What to do:
Write out exactly the lines of the entries below, from the first through the line containing "Village Hanuliak Apart-hotel 3*", and nothing beyond them.

(Short descriptive text snippets)

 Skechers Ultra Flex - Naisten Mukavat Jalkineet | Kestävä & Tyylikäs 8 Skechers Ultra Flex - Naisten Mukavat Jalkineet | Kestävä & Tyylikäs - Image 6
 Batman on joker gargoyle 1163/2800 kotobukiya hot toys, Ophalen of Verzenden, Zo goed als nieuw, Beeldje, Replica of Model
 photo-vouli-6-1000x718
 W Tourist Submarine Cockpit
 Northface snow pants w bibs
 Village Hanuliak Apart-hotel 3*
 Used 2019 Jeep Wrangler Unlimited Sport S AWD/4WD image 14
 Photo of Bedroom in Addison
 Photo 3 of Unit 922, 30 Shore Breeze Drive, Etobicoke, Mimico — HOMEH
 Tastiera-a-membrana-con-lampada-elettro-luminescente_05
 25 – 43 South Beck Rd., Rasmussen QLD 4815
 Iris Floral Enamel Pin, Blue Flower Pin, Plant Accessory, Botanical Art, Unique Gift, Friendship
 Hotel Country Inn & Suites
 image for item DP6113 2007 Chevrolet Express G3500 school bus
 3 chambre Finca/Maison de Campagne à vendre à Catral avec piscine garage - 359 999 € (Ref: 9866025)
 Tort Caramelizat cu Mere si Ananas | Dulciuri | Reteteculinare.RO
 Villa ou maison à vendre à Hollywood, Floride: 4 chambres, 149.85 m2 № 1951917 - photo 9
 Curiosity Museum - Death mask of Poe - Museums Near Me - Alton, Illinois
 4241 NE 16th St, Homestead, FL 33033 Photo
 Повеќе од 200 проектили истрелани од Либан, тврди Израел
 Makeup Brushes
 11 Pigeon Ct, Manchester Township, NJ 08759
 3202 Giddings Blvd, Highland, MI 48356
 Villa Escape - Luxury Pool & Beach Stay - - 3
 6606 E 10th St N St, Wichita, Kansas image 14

Answer to the exercise:
 Skechers Ultra Flex - Naisten Mukavat Jalkineet | Kestävä & Tyylikäs 8 Skechers Ultra Flex - Naisten Mukavat Jalkineet | Kestävä & Tyylikäs - Image 6
 Batman on joker gargoyle 1163/2800 kotobukiya hot toys, Ophalen of Verzenden, Zo goed als nieuw, Beeldje, Replica of Model
 photo-vouli-6-1000x718
 W Tourist Submarine Cockpit
 Northface snow pants w bibs
 Village Hanuliak Apart-hotel 3*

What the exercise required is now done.